2017 Ulster SFC

Tournament details
- Year: 2017

Winners
- Champions: Tyrone (15th win)
- Manager: Mickey Harte
- Captain: Seán Cavanagh

Runners-up
- Runners-up: Down
- Manager: Éamonn Burns
- Captain: Kevin McKernan

= 2017 Ulster Senior Football Championship =

The 2017 Ulster Senior Football Championship was the 129th instalment of the annual Ulster Senior Football Championship organised by the Ulster GAA. It is one of the four provincial competitions of the 2017 All-Ireland Senior Football Championship.
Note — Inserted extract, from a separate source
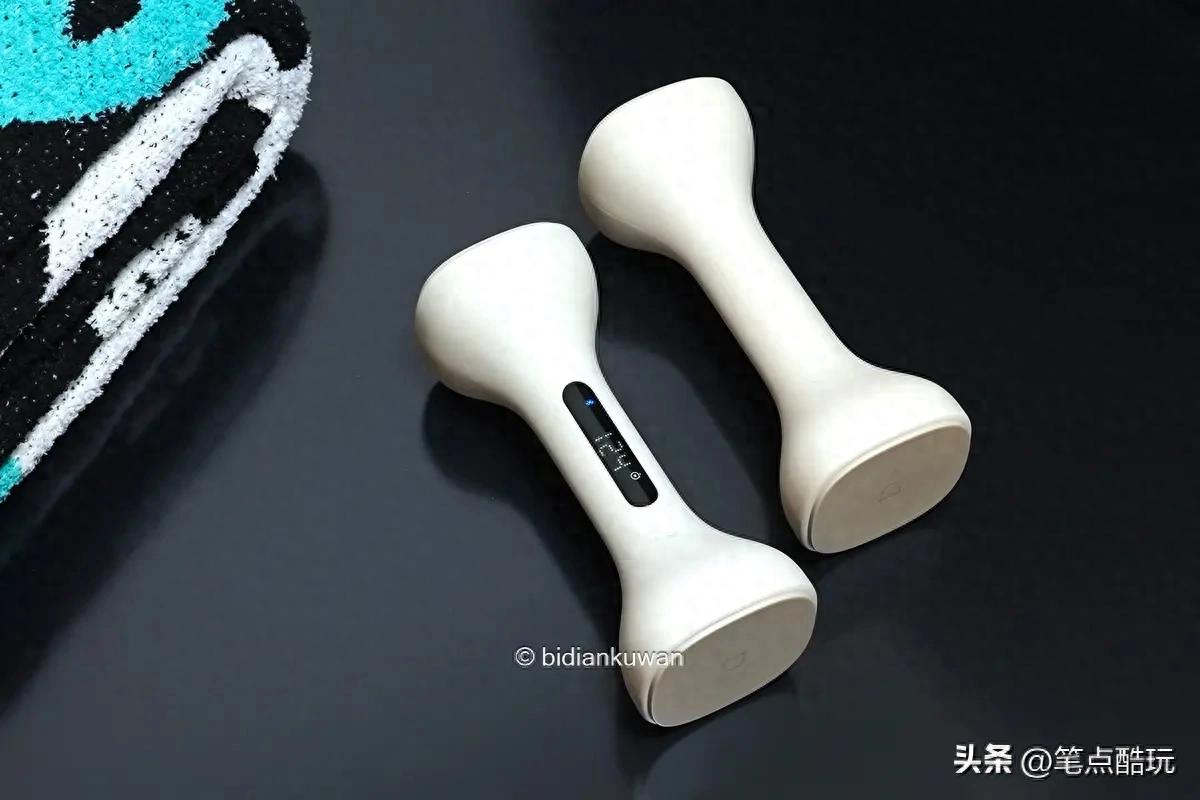 180磅的哑铃_新手健身计划_智能哑铃使用体验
The winners receive The Anglo-Celt Cup.

Tyrone are the defending champions. The draw for the Championship was made on 13 October 2016. Tyrone beat Down in the final with a score of 2-17 to 0-15.

==Teams==
The Ulster championship is contested by the nine county teams in the province of Ulster.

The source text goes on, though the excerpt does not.